These Markers May Predict Risk for Bone Loss in SLE

TOPLINE:

Osteoporosis was prevalent in 41% of patients with systemic lupus erythematosus (SLE). Factors such as lupus nephritis classes III and IV, U1-ribonucleoprotein (RNP) antibodies, and longer disease duration were associated with lower areal bone mineral density (BMD), and active lupus nephritis was associated with osteoporosis.

METHODOLOGY:

• Researchers analysed data of a subcohort of patients from a prospective observational study to identify factors associated with BMD and the risk for osteoporosis.
• They included 110 patients with SLE (mean age, 48 years; 92% women) from a hospital in Berlin between July 2015 and January 2022 who fulfilled the American College of Rheumatology/ European League Against Rheumatism 2019 SLE classification criteria and had current or prior glucocorticoid treatment.
• The analysis included SLE disease activity and a standardised bone health assessment with the DEXA scan and trabecular bone score measurement according to national guidelines. BMD- and osteoporosis-related factors were assessed.
• The following three co-primary endpoints were assessed:
  • Areal BMD, expressed as the lowest DEXA-derived T score at the lumbar spine (L1-L4), total hip, or femoral neck
  • A composite osteoporosis outcome (a femoral or lumbar spine T score ≤ -2.5 and/or history of a major fragility fracture and/or antiosteoporotic treatment)
  • The prevalence of fragility fractures (any, vertebral, and non-vertebral).

TAKEAWAY:

• Overall, 41% and 35% of patients with SLE had osteoporosis and lupus nephritis, respectively.
• Factors significantly associated with lower areal BMD included lupus nephritis classes III and IV (P = .025), U1-RNP antibodies (P = .009), higher C-reactive protein levels (P = .015), and longer disease duration (P = .001).
• Clinical remission (P = .033) and higher Health Assessment Questionnaire scores (P = .009) were positively correlated with areal BMD.
• Active lupus nephritis was strongly associated with osteoporosis in patients with SLE (odds ratio [OR], 7.42; P = .027), along with other factors such as older age (OR, 1.06; P = .003) and lower Health Assessment Questionnaire scores (OR, 0.29; P = .005).

IN PRACTICE:

“The identification of SLE-specific risk factors allows us to recognize patients at particular high risk for OP [osteoporosis]. This prompts us to suggest a thorough osteoporosis check-up in patients with high CRP [C-reactive protein], LN [lupus nephritis], or U1-RNP-antibodies,” the authors wrote.

SOURCE:

This study was led by Edgar Wiebe, Charité – Universitätsmedizin Berlin, corporate member of Freie Universität Berlin and Humboldt-Universität zu Berlin, Department of Rheumatology and Clinical Immunology, Charitéplatz 1, Berlin, Germany.
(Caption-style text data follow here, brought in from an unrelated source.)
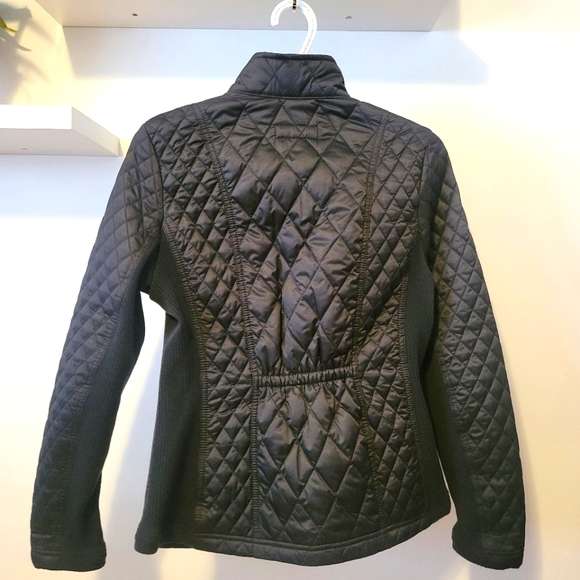 Quilted Jacket in Black - Picture 9 of 10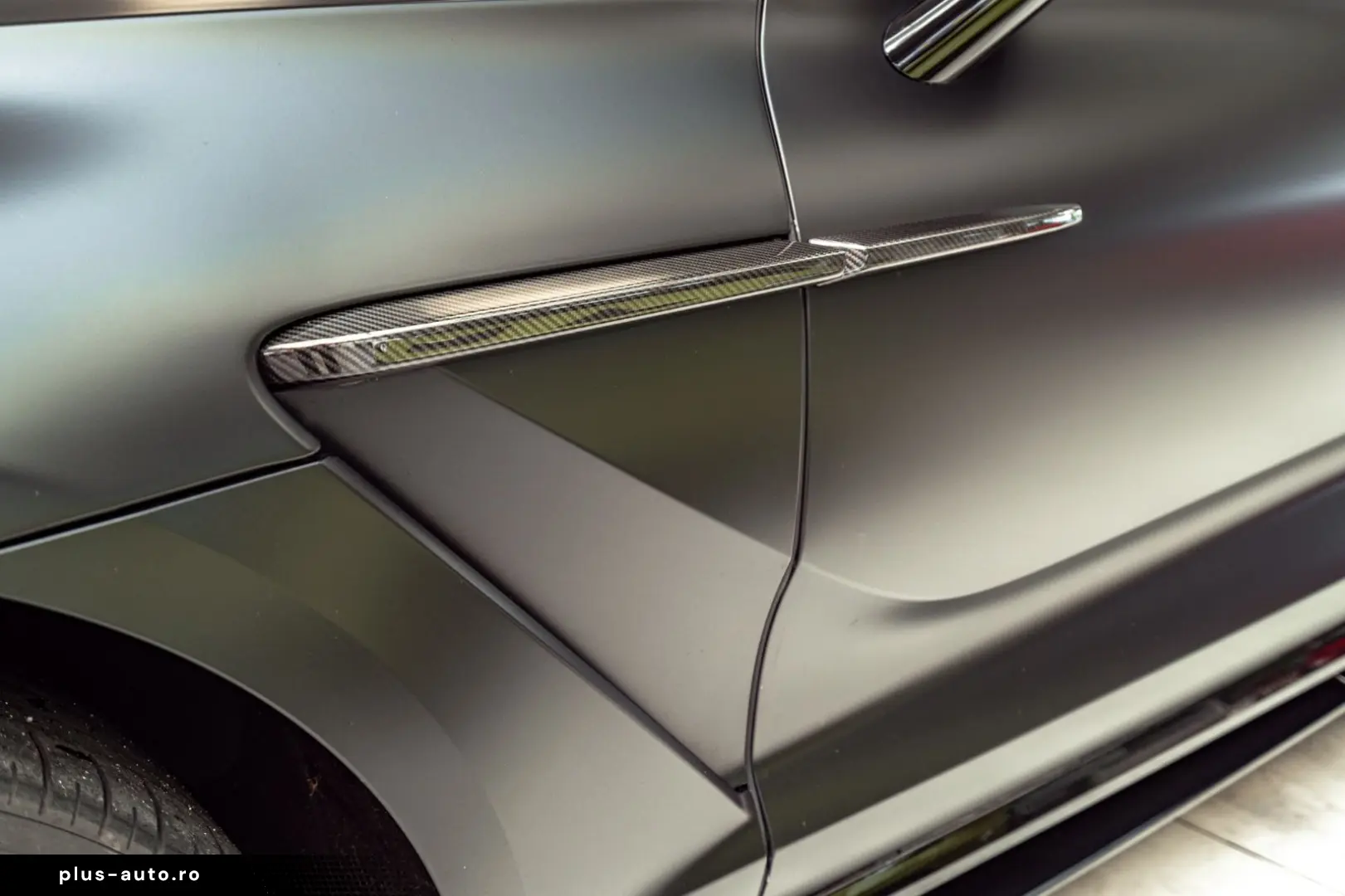ASTON MARTIN DBX 707 Satinblack Carbon Ext&Int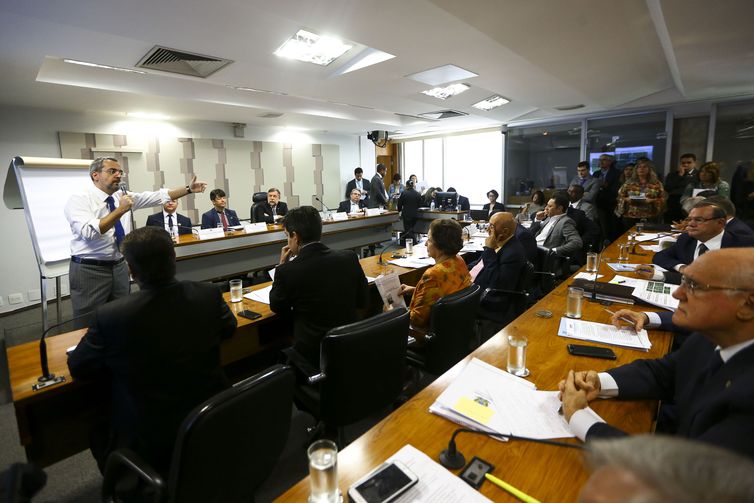 Marcelo Camargo/Agência Brasil O ministro da Educação, Abraham Weintraub, durante audiência pública na Comissão de Educação, Cultura e Esporte do Senado.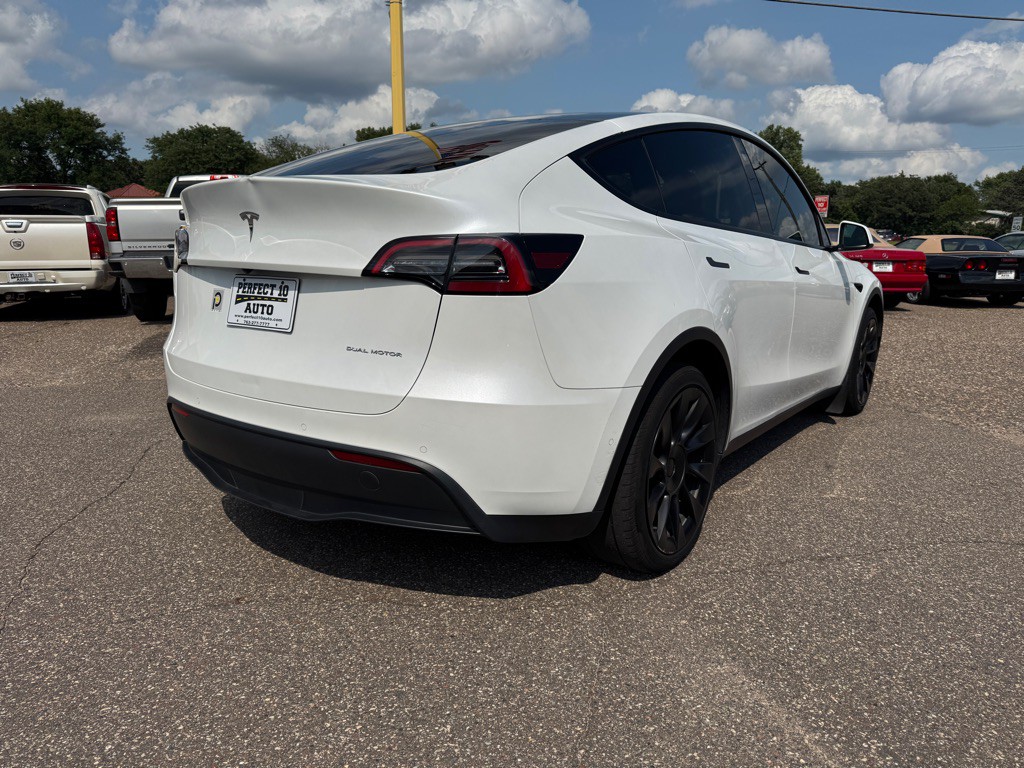 2022 Tesla Model Y Image 6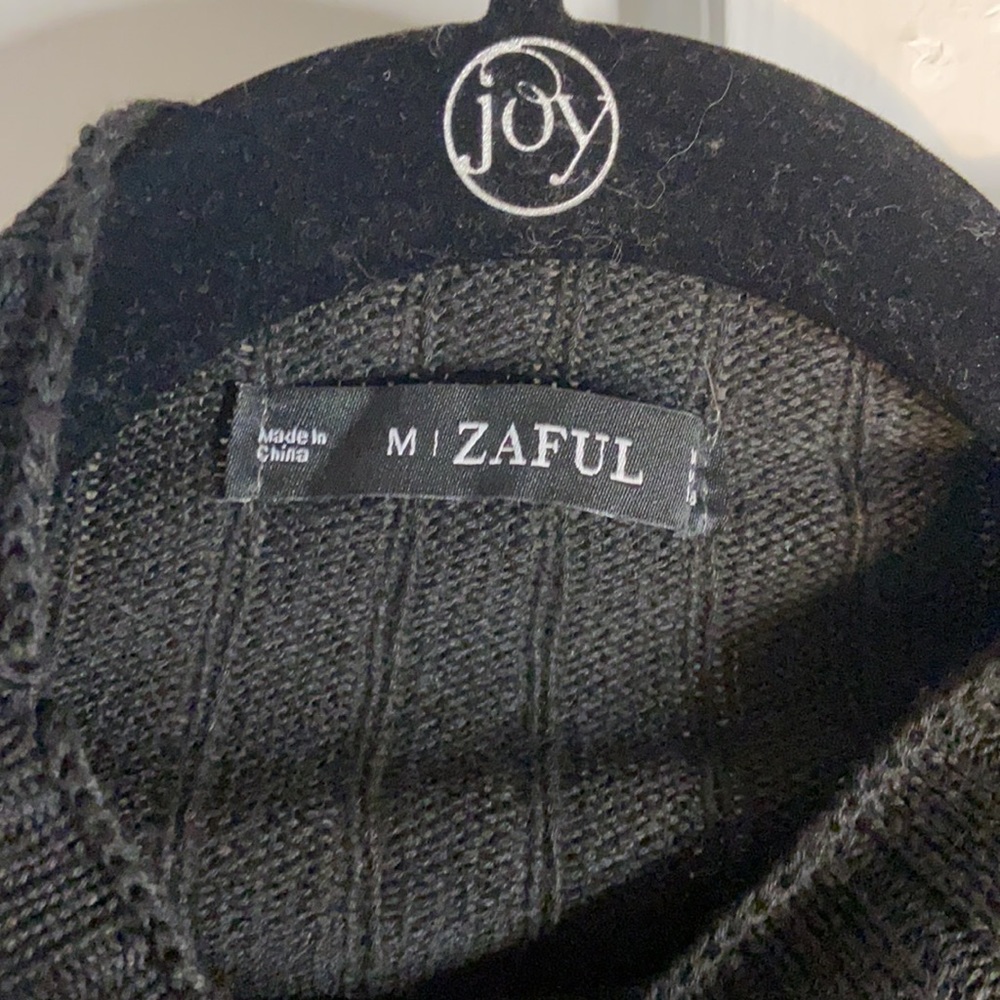 Zaful Black Cropped Rib Sweater sz M US 6 - Picture 3 of 4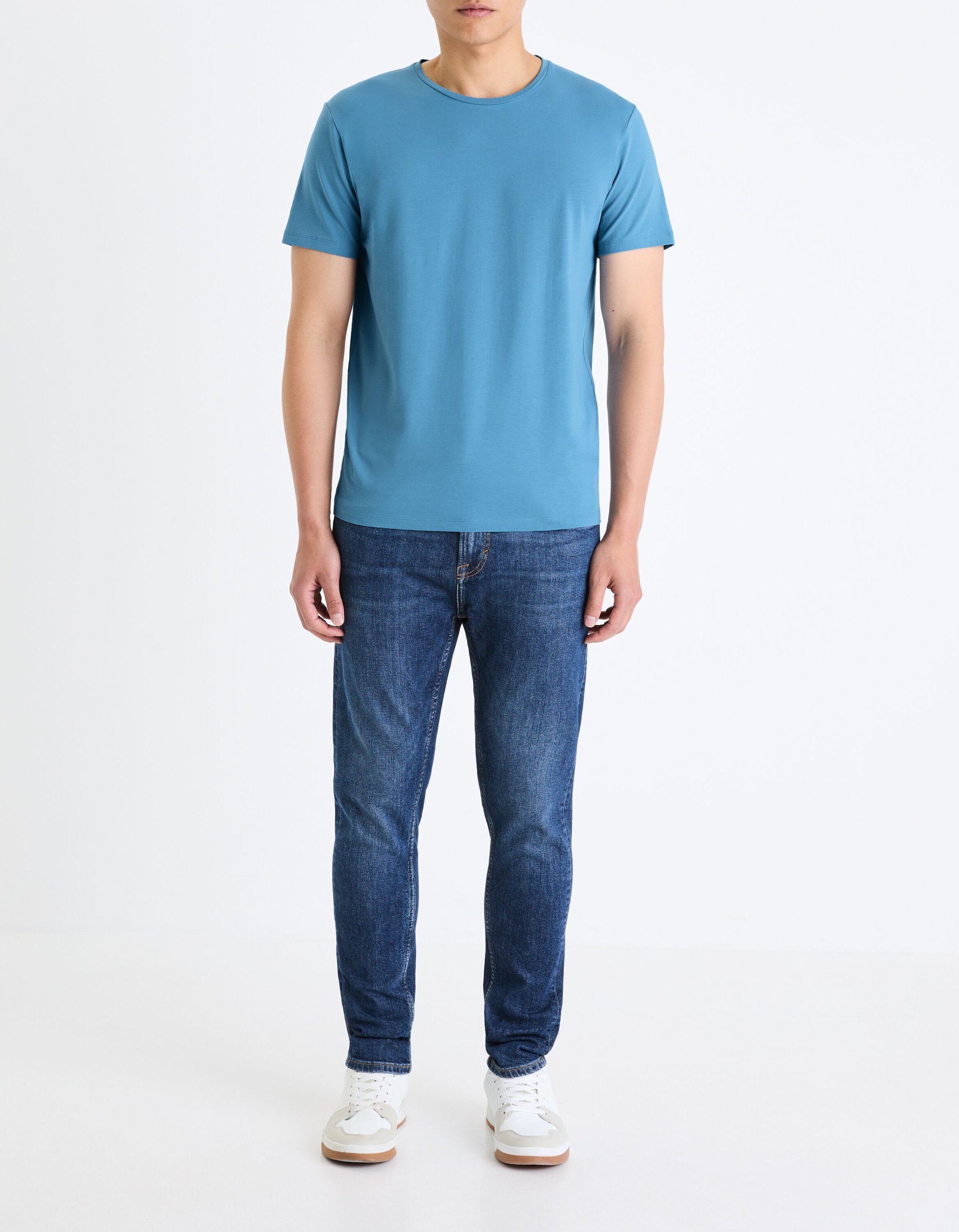 Slim-Neck Stretch Cotton T-Shirt_03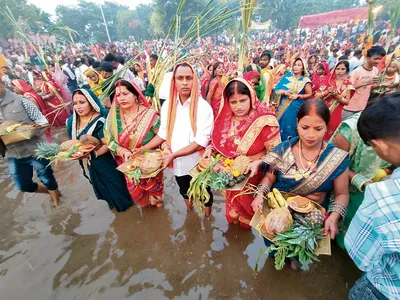 छठ महोत्सव उगते सूर्य को दिया अर्घ्य  गूंजे छठ मैय्या के गीत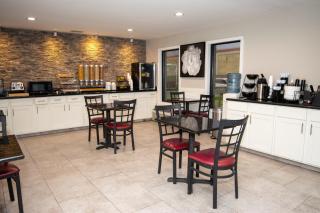 Americas Best Value Inn Harlingen - Harlingen - 3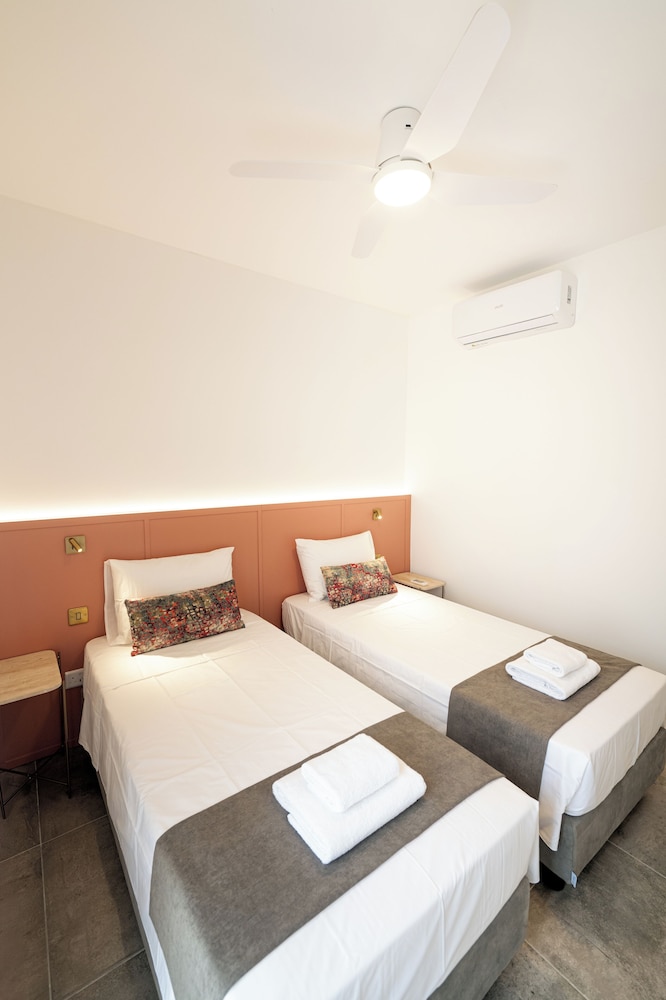 Comfort Apartment, 3 Bedrooms, Balcony, Bay View photo 3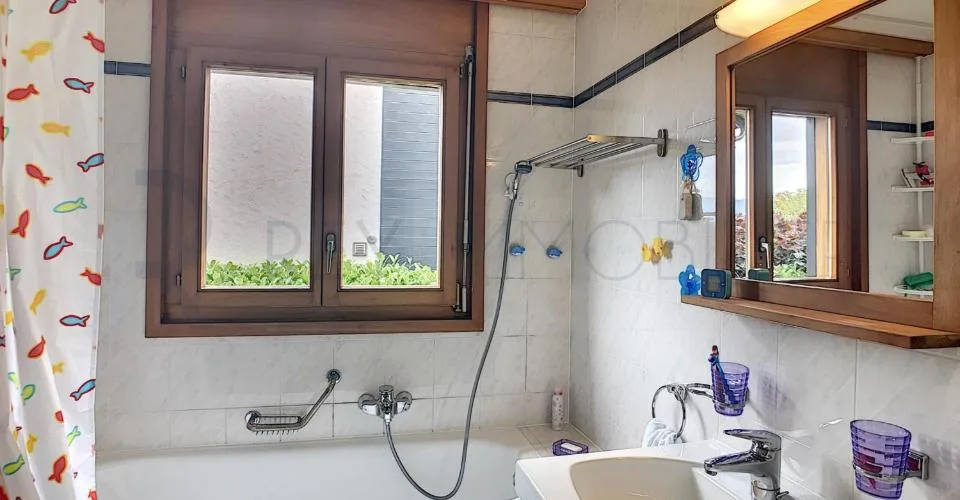 Agréable villa mitoyenne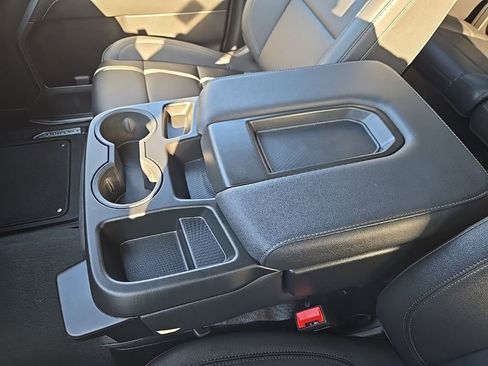 Used 2025 Chevrolet Silverado 1500 LT w/ Leather Package image 34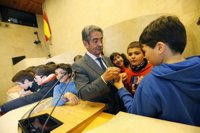 Revilla insta a la juventud a actuar frente al acoso escolar: "Todos somos iguales"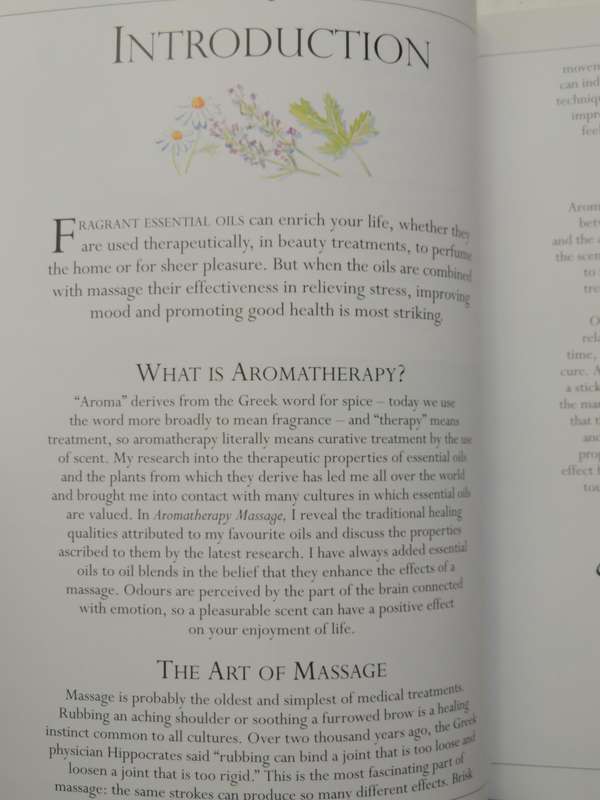 Aromatherapy Massage Book: A Practical Illustrated Guide To Massage With Essential Oils Clare Maxwel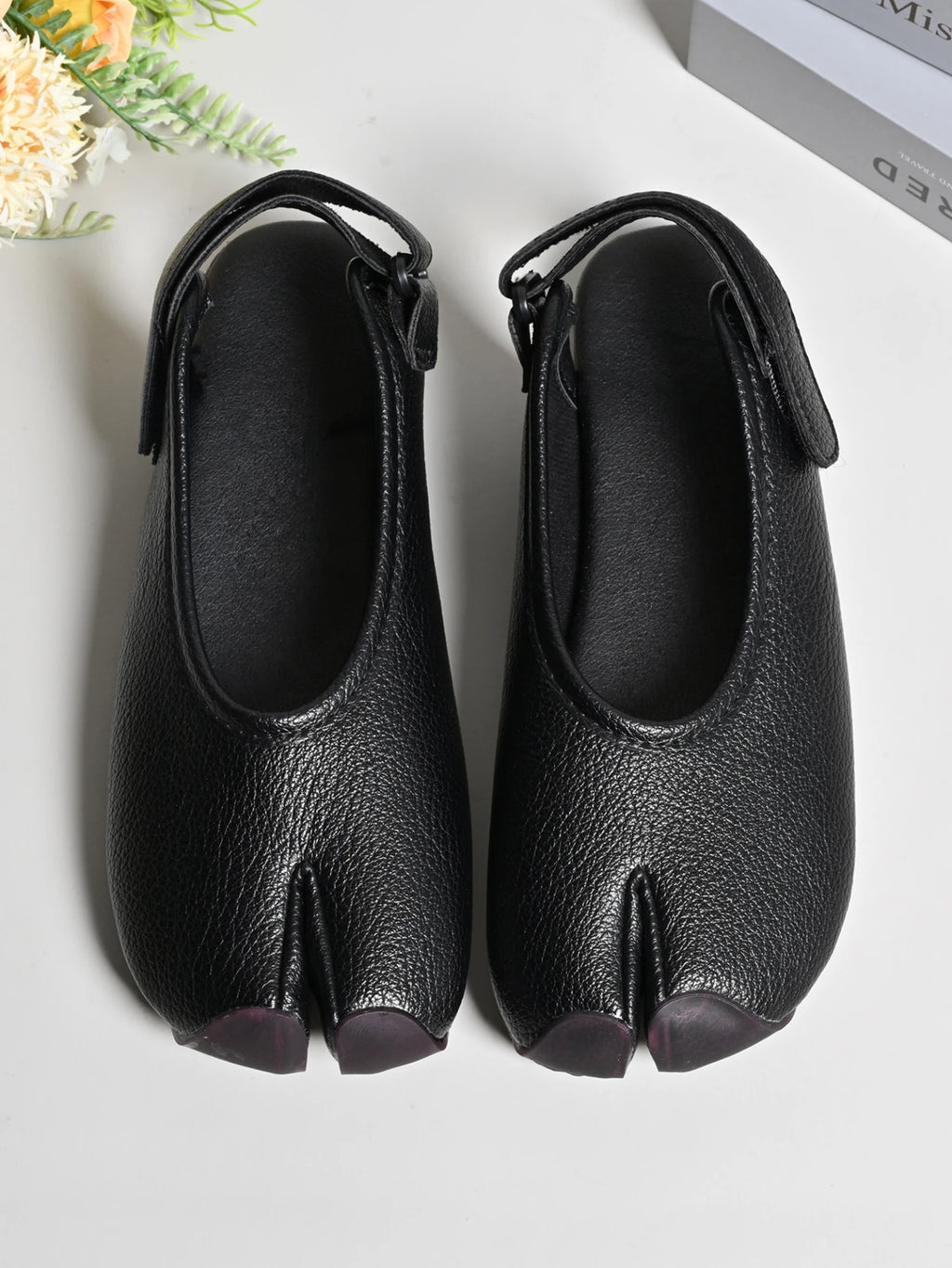 New Summer Soft Leather Split Toe Women Sandals Casual Comfortable Soft-soled Pig's Hoof Shoes Slingbacks Tabi Ballet Shoe
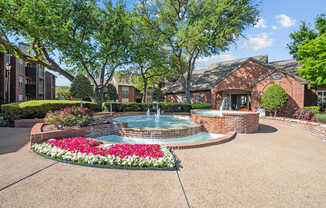 Preston Bend Apartment Homes | Dallas, TX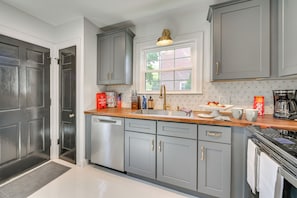 Fridge, microwave, stovetop, dishwasher - 3 Mi to Dtwn: Updated Home w/ Hot Tub in Lexington (Lexington)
It was published online on July 28, 2025, in Arthritis Research & Therapy.

LIMITATIONS:

This monocentric cohort study primarily involved White Caucasians, thereby limiting the generalisability of the findings to other patient groups. A potential selection bias may have resulted in overrepresentation of patients with more severe disease courses who were at a high risk for osteoporosis. The cross-sectional design limited the ability to establish causality between identified factors and outcomes.

DISCLOSURES:

Open access funding was enabled and organised by Projekt DEAL. The prospective observational study received a joint funding from AbbVie, Amgen, Alfasigma, Almirall, Biogen, BMS, Chugai, Fresenius Kabi, Galapagos, GA Generic Assays, GSK, Hexal, Horizon Therapeutics, Lilly, Medac, Mundipharma, Novartis, Pfizer, Roche, Sanofi-Genzyme, and UCB. The authors declared having no conflicts of interest.

This article was created using several editorial tools, including AI, as part of the process. Human editors reviewed this content before publication.